Son terroir s’inscrit dans le Haut-Doubs horloger et participe du Parc Naturel Régional (PNR) éponyme. Les altitudes sont élevées, autour et supérieures à 900 m. Il s’agit d’un milieu montagnard où l’hiver est long et froid et les étés généralement frais et orageux. La pluviométrie est abondante, plus de 1 500 mm par an, et les températures moyennes sont négatives ou généralement peu supérieures à 0° durant trois mois. Ce climat n’est guère favorable aux cultures et convient aux prairies sur lesquelles, durant la belle saison (de mai à octobre), le bétail est au pâturage et les éleveurs produisent du foin et du regain pour nourrir le troupeau durant les longs mois de la stabulation hivernale.

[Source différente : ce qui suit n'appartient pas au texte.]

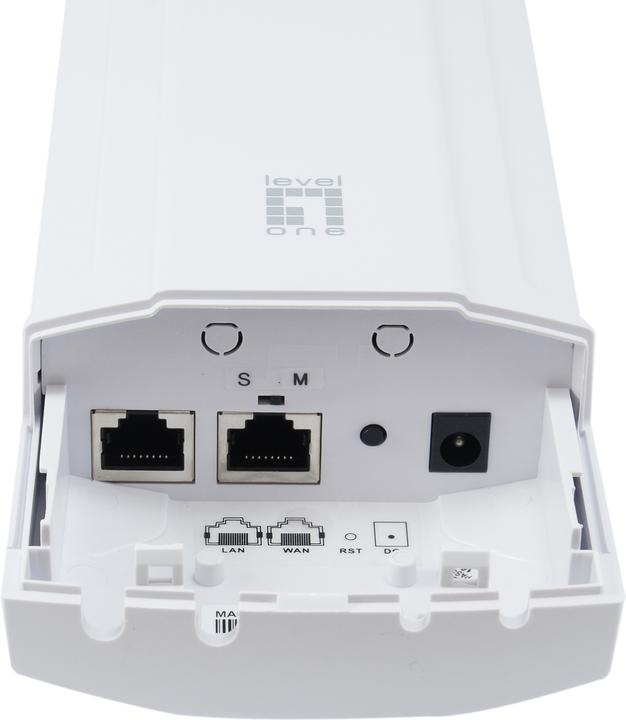 Produktbild LevelOne WLAN Access Point & Extender outdoor PoE DualBand (867 Mbit/s)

Les paysages donnent à voir un vaste plateau herbagé bordé à l’est et à l’ouest par des élévations boisées. Le finage est généralement ouvert, mais une remarquable marqueterie de prés de fauche et pâtures se distingue avec des nuances de verts et la présence de clôtures matérialisées par des murs en pierre sèche, des haies basses et quelques alignements d’arbres remarquables. La densité de ces infrastructures « agroécologiques » est fonction de la nature de la roche mère : elles sont absentes des zones marneuses (Séquanien marneux) et denses dans les secteurs des calcaires durs (du Séquanien calcaire et du Rauracien).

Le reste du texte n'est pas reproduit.